Print all records exactly, pictures left out.
──────────────────────────────
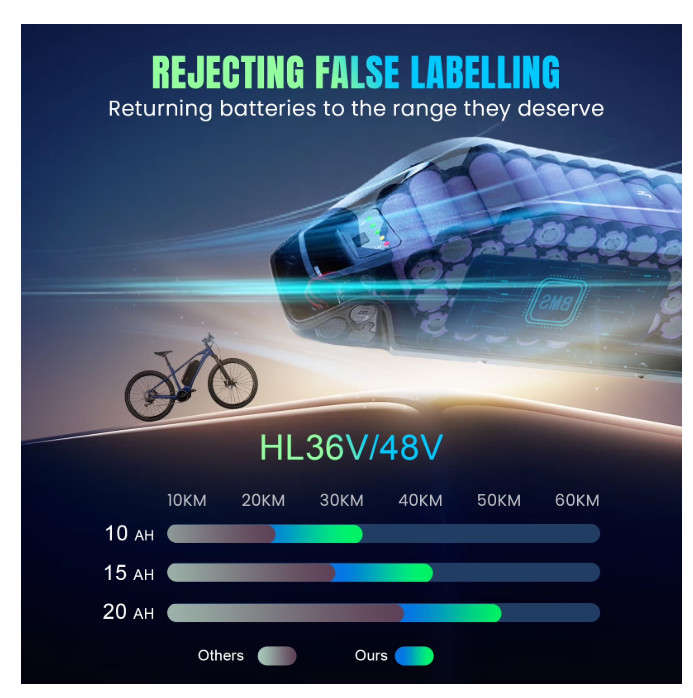 5pin 36V/48V/52V 10AH/15AH/20AH Ebike Battery For 0-2000W Electric Bike Motors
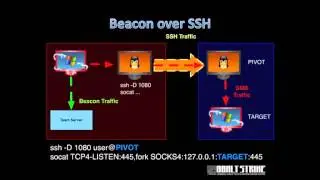 Tunnel Beacon over SSH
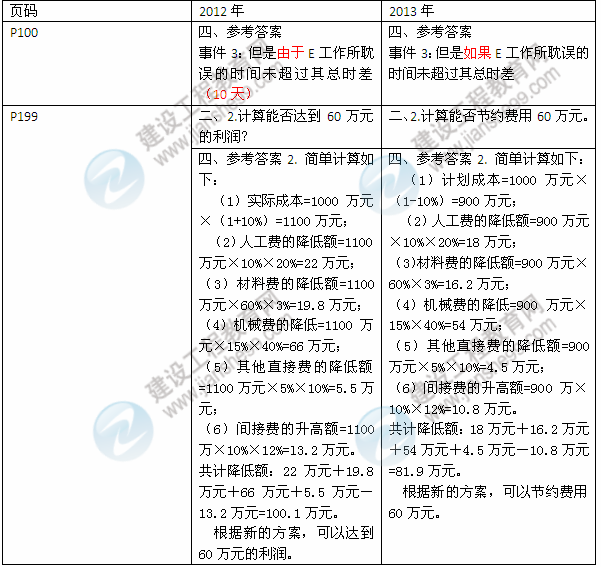 2013年與2012年二級建造師教材對比《機電工程管理與實務》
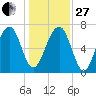 Euhaw Creek tide chart for Saturday, December 27, 2025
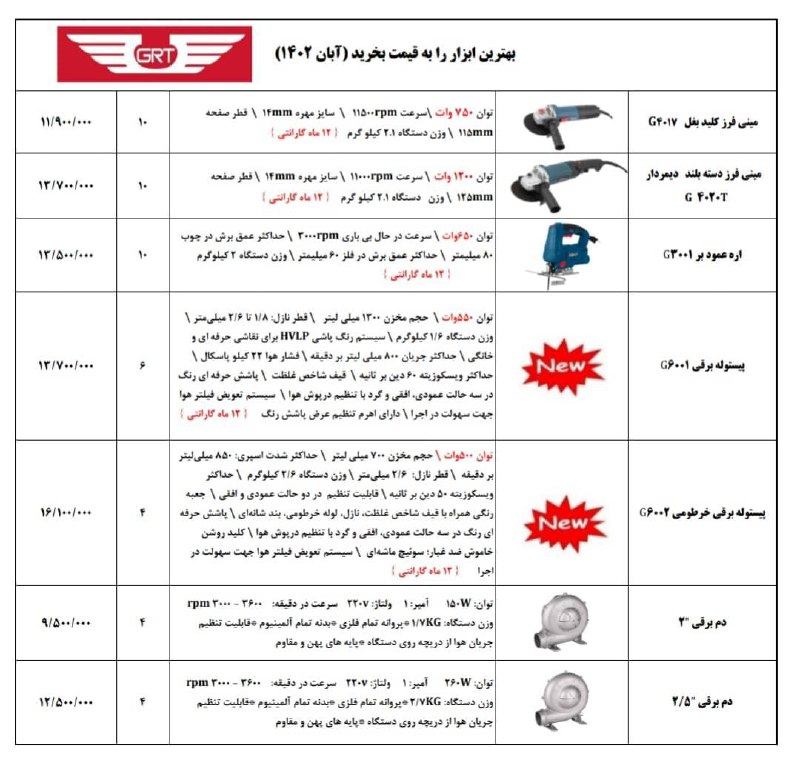  فروشگاه ابزار حرفه‌ای 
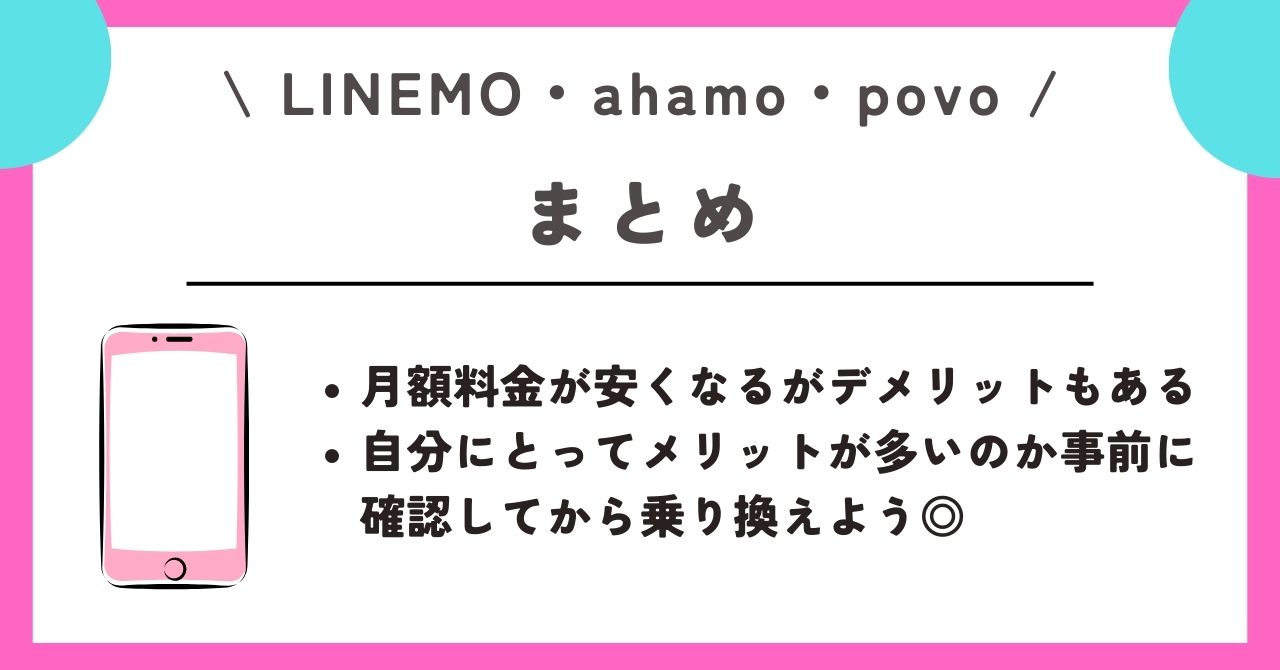 LINEMO ahamo Povo 比較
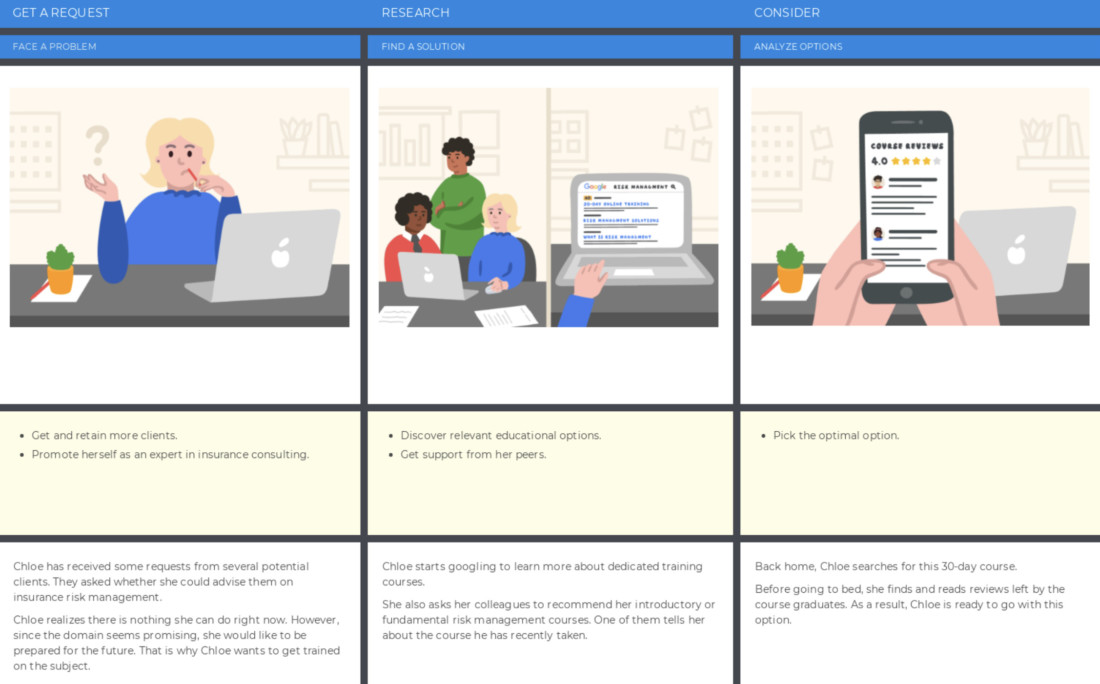 educational journey map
──────────────────────────────
→ **SOLUTION TO THE PROBLEM**:
 5pin 36V/48V/52V 10AH/15AH/20AH Ebike Battery For 0-2000W Electric Bike Motors
 Tunnel Beacon over SSH
 2013年與2012年二級建造師教材對比《機電工程管理與實務》
 Euhaw Creek tide chart for Saturday, December 27, 2025
  فروشگاه ابزار حرفه‌ای 
 LINEMO ahamo Povo 比較
 educational journey map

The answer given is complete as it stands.